(Kej. 15:3; 16:1-4; 30:1-13; Rut 4:16; Est. 2:7; 1Raj. 19:19-21; Rm. 8:15; 9:4; Ef. 1:5)
Meskipun orang-orang Israel tidak memiliki istilah teknis untuk adopsi, praktik mengambil satu orang yang tidak termasuk keturunan darah sebagai ahli waris resmi sudah ada sejak zaman permulaan, khususnya di Timur Tengah. Contohnya, Abraham mengangkat hambanya, Eliezer untuk menjadi ahli warisnya jika ia meninggal tanpa memiliki anak kandung. Beberapa orang percaya bahwa Laban mengangkat Yakub menjadi anak adopsi dan ahli warisnya karena pekerjaannya bertahun-tahun dan pernikahannya dengan putri-putri Laban. Pencurian akan ilah-ilah rumah tangga, yang biasanya menunjukkan hak warisan, kelihatannya memperkuat anggapan ini. Ketika Yakub pindah ke Mesir dan bertemu 2 anak Yusuf untuk pertama kalinya, ia mengadopsi mereka sebagai miliknya, membagi bagian Yusuf akan tanahnya kepada Efraim dan Manasye. Musa mungkin diadopsi oleh putri Firaun, mengikuti praktik sah orang Mesir.

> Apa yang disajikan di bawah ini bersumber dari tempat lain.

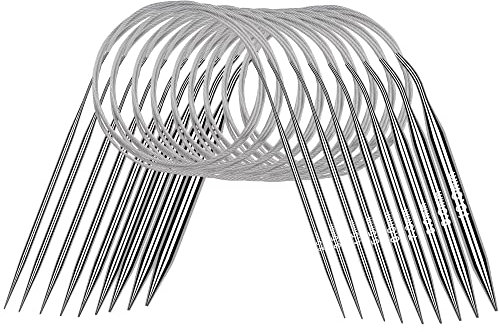 Coopay Rundstricknadeln Set 120 cm, 9 Stück Edelstahl Stricknadeln Mit Laser-Größe, 2,5-10,0 mm Metall Set, Glatt für Tücher, Schals, Pullover, Decken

Praktik-praktik seperti poligami dan pernikahan levirat (pernikahan dengan istri/suami saudara yang telah meninggal) tersedia bagi distribusi kepemilikan yang rapi di dalam suku bangsa. Istilah lain kelihatannya mengimplikasikan bentuk adopsi atau paling sedikit merupakan perlindungan. Contohnya, Ruth menempatkan anaknya pada pangkuan Naomi, rupanya mengizinkannya menjadi pengasuh anaknya. Beberapa orang percaya bahwa, karena Ruth seorang Moab, usahanya untuk mencari perlindungan pada sayap Tuhan adalah keinginan untuk diadopsi ke dalam komunitas Israel
Dalam hal Elia dan Elisa, pelemparan jubah pada nabi yang lebih muda tampaknya menandakan Elisa sebagai ahli waris rohani Elia. Secara theologis, rumusan adopsi tercantum di dalam Mazmur 2:7, “Anak-Ku engkau!” muncul kembali di dalam Perjanjian Baru. Paulus menggunakannya untuk memberitahukan pemilihan Allah akan umat pilihan-Nya: Anak alami atau fisik barangkali milik keturunan-keturunan Abraham, tetapi Allah memilih untuk memberkati orang-orang kafir melalui iman mereka di dalam Anak-Nya dan menebus mereka dari “perbudakan menjadi anak.”
Sebagai anak-anak adopsi Allah yang dipilih Allah sesuai dengan kehendak-Nya yang berdaulat (Ef. 1:5), kita beroleh hak untuk memanggil Allah sebagai Bapa (Rm. 8:15) dan kita adalah milik-Nya (1Yoh. 3:1). Dunia tidak mengenal kita, karena dunia tidak mengenal Bapa (1Yoh. 3:1). Selain mendapat hak, sebagai anak-Nya, kita harus menunaikan kewajiban kita yaitu hidup serupa dengan gambaran Kristus (Rm. 8:29), maka kita harus didisiplin oleh Bapa (Ibr. 12:6-8). Hidup serupa dengan Kristus ditunjukkan dengan hidup sebagai anak-anak terang yang memancarkan terang Kristus kepada orang-orang di sekitar kita (Ef. 5:1-21) dan melakukan kebenaran serta mengasihi saudaranya (1Yoh. 3:8, 10).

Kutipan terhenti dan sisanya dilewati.